Hands on with Rage at Eurogamer Expo 11

[Originally Posted on Sully’s Blog]

Day 3 at the Eurogamer Expo saw the biggest queues yet, but I still managed to take in some very worthwhile developer sessions, and I got chatting to id software’s Tim Willits, who was aptly introduced in his talk as “the nicest man in the games industry” (he initiated a conversation with me and Fin because I was wearing an id Software shirt”). I spent some time with Rage on the showfloor, and here are my impressions:

I’ll admit that I haven’t been paying attention to Rage over the years since its announcement. Given the pedigree, I was expecting a gorgeous-looking shooter that nails the bread-and-butter of first person shooting, and that’s exactly what I got.

The interior environments are densely detailed, looking as ramshackle as post-apocalyptic buildings ought to. One of the demos took place in a derelict garage with such rich scenery that its history of being picked clean by the survivors passing through is tangible.

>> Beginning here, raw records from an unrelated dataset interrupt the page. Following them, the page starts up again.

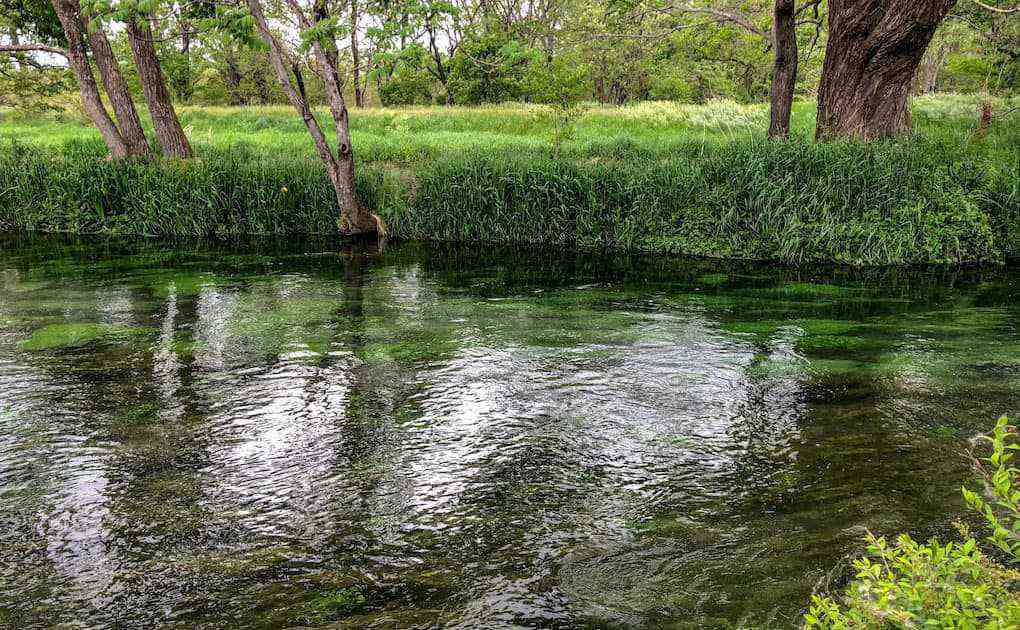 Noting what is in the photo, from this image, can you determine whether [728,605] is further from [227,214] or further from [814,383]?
[227,214]

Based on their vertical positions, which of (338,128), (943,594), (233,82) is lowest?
(943,594)

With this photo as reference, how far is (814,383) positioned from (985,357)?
1734 millimetres

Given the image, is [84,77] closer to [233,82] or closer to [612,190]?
[612,190]

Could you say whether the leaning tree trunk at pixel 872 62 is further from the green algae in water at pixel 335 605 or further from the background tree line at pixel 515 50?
the green algae in water at pixel 335 605

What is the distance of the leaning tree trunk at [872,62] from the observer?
10.7m

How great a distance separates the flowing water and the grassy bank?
1681 millimetres

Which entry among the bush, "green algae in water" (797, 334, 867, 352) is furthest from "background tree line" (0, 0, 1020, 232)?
the bush

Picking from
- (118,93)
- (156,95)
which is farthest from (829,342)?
(118,93)

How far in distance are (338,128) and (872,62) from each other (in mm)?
8350

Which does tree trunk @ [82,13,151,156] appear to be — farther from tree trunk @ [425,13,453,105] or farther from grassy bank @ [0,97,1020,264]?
tree trunk @ [425,13,453,105]

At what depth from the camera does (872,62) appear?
11.3 meters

Anyone who explores the myriad choices available to the player should come away with an understanding that this is a game that values variety. Each of the four weapons in the demo (pistol, shotgun, assault rifle and bolt-thrower) come with a variety of ammo types, and players can deploy sentry guns, spider bots, and throw blades that liberate heads from torsos with a satisfying geyser of blood and a heavy ragdoll slump, but more on the gore later.

I fought two different factions; the bandits seemed to be living hand to mouth, and when reacting to my presence, responded with anything from reluctant engagement from behind cover to charging in with melee attacks, all the while screaming in confusion. When I was fighting the battle-armour wearing squads, they issued commands and tried to surround me, chucking grenades and keeping their impervious power shields pointing towards me to make taking them out difficult. The end of the ‘Bash TV’ segment saw me squaring off against a towering beserker, who chased me around the arena, soaking up my bullets while I circle-strafed around him – a great throwback to the games of yore.

What excites me most about this game is the visual feedback – shoot an enemy in a particular spot and he’ll react appropriately; enemies will limp towards (or away from!) you with bloodied legs if that’s where your bullets clipped them. When a crazed bandit charged me with a club raised, my panicked shotgun response blew off his arm above the elbow. When I was verifying that he wasn’t getting up, I pressed the shotgun up against his head and pulled the trigger, leaving blood and brains all over the floor. It’s a gruesome, refreshing change from the sanitized, plasticky presentation of modern military shooters that makes the player feel as though he is wielding great power.

When I found out that Rage had driving, I wasn’t expecting much, other than a functional way to traverse a large overworld. Remarkably, I was quite wrong. When I loaded up the race mode, I was treated to a post-apocalyptic Mario Kart. Six racers tearing around the track, picking up single-use weapons by driving over them, and firing them up the tailpipe of the nearest competitor. Successful kills sent wreckages flipping and spinning around the track, accompanied by dramatic explosions. The buggies have great grip on the winding course, and the recharging boost mechanic adds a layer of strategy to the business of racing. I took first place with seconds to go by spectacularly exploding the leader off the track after a harrowing race spent dodging incoming rockets by throwing my buggy behind canyon walls, sacrificing my racing line to save my skin. As a final word on the racing; it was more accomplished than some full-priced arcade racers.

The limited time I’ve spent with the demo has left me with much to gush about – (using mind control bolts to walk an enemy into the middle of a room before detonating him all over his buddies was a highlight I keep coming back to), but ultimately it has made me feel as though I need to atone for ignoring its progress by spreading the word of what a great experience this is. Cynical gamers seem to want to dismiss it as a Fallout 3/Borderlands hybrid (even though this isn’t an unfair description by any stretch), but this misses the point. id Software brought us the first person shooter, and this is the game that will reaffirm their relevancy to older gamers, and firmly entrench them in the mindshare of gamers unaware of their storied history.

This is the demo on the showfloor I keep coming back to, and something tells me it’ll be the game I have to play one last time before leaving the Expo tomorrow.